Work request
Exactly the lines from the beginning of the records below through the line with "WTsensor Precio de" must be given again, without pictures.

Task inputs
-------------------------

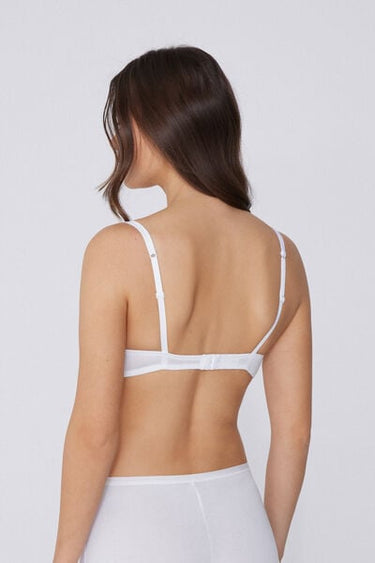 London Lightly Padded Triangle Bra in Organic Cotton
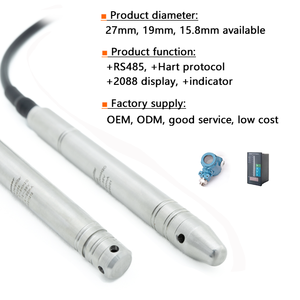 WTsensor Precio de fábrica RS485 4-20mA Sensor de nivel de acero inoxidable Transmisores de nivel de líquido Sensor de nivel de tanque de combustible - Product Image 2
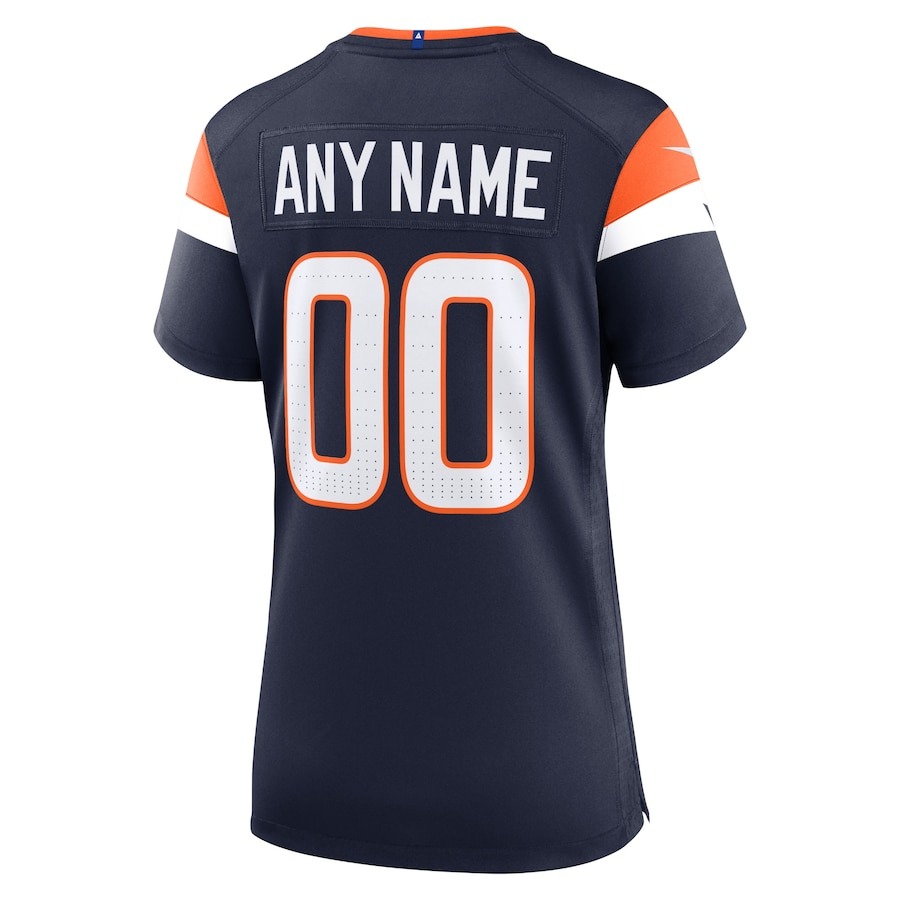 Women's Denver Broncos  Nike Navy Alternate Custom Game Jersey - Ujersey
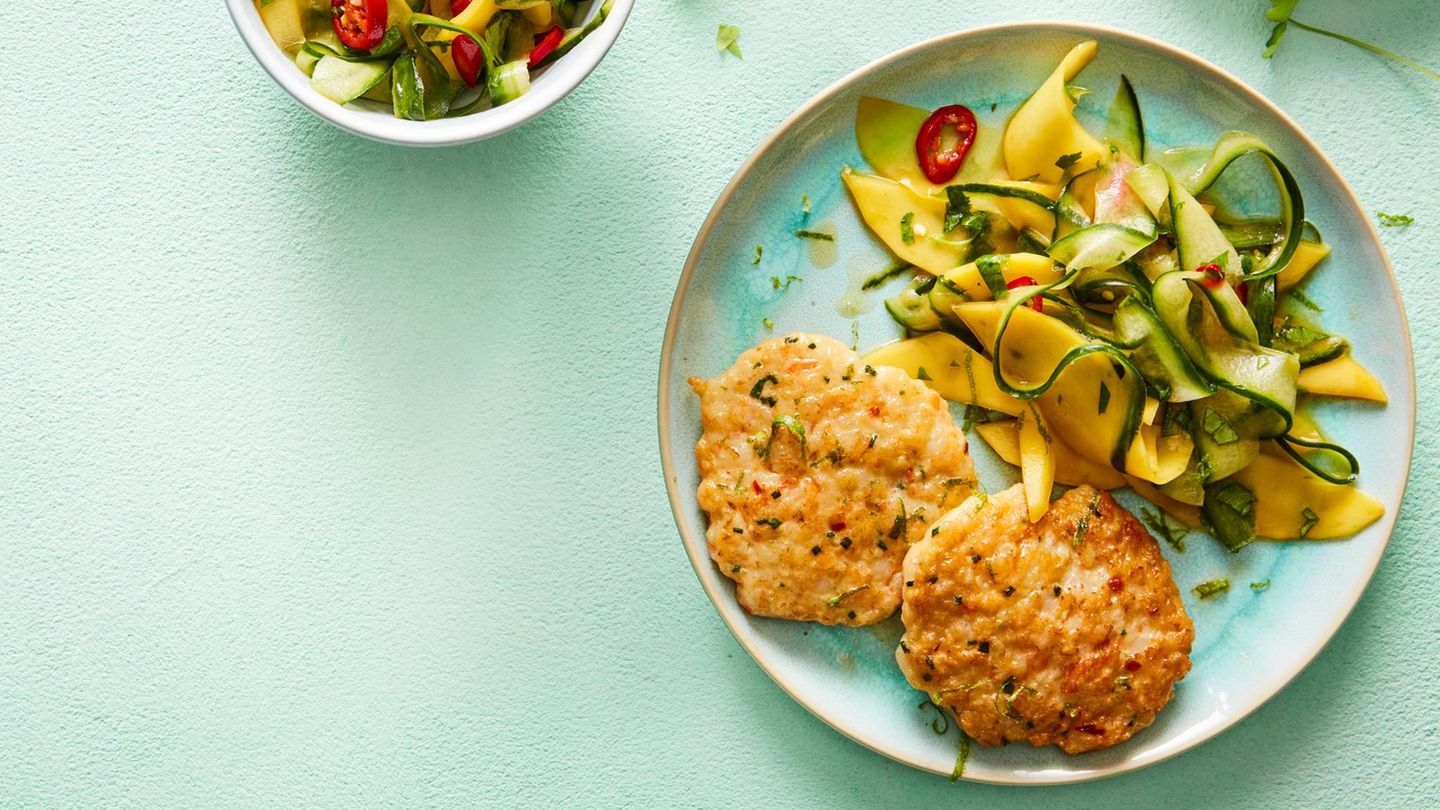 Garnelenfrikadellen mit Thai-Gurken-Salat Rezept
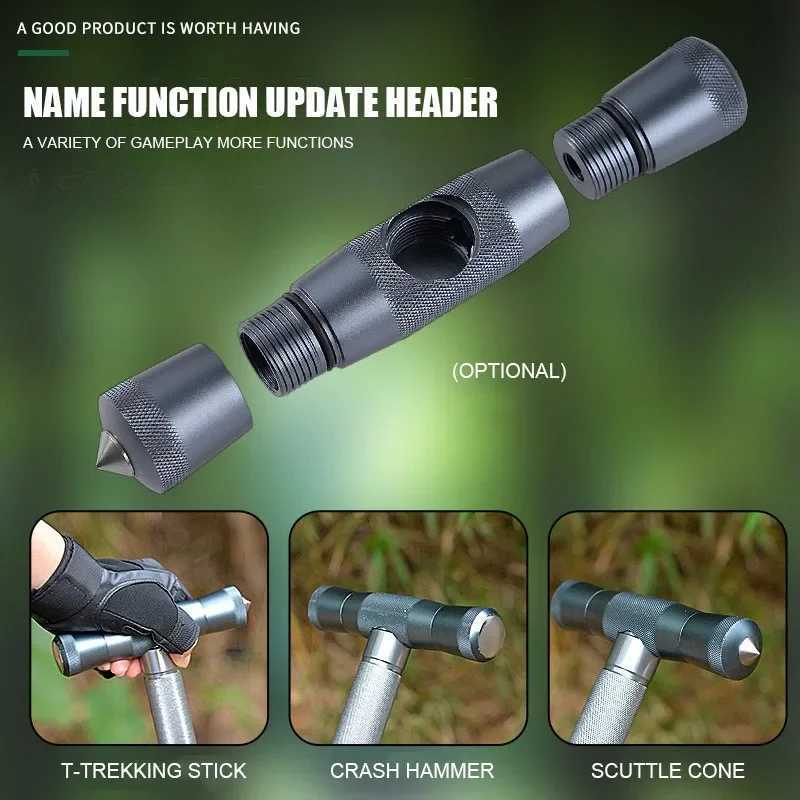 CEOI GWOK Professional Multifunctional Trekking Poles Aluminum Alloy Hiking Stick for Outdoor Climbing Adventures Walking Sticks G251220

-------------------------

Task answer
 London Lightly Padded Triangle Bra in Organic Cotton
 WTsensor Precio de fábrica RS485 4-20mA Sensor de nivel de acero inoxidable Transmisores de nivel de líquido Sensor de nivel de tanque de combustible - Product Image 2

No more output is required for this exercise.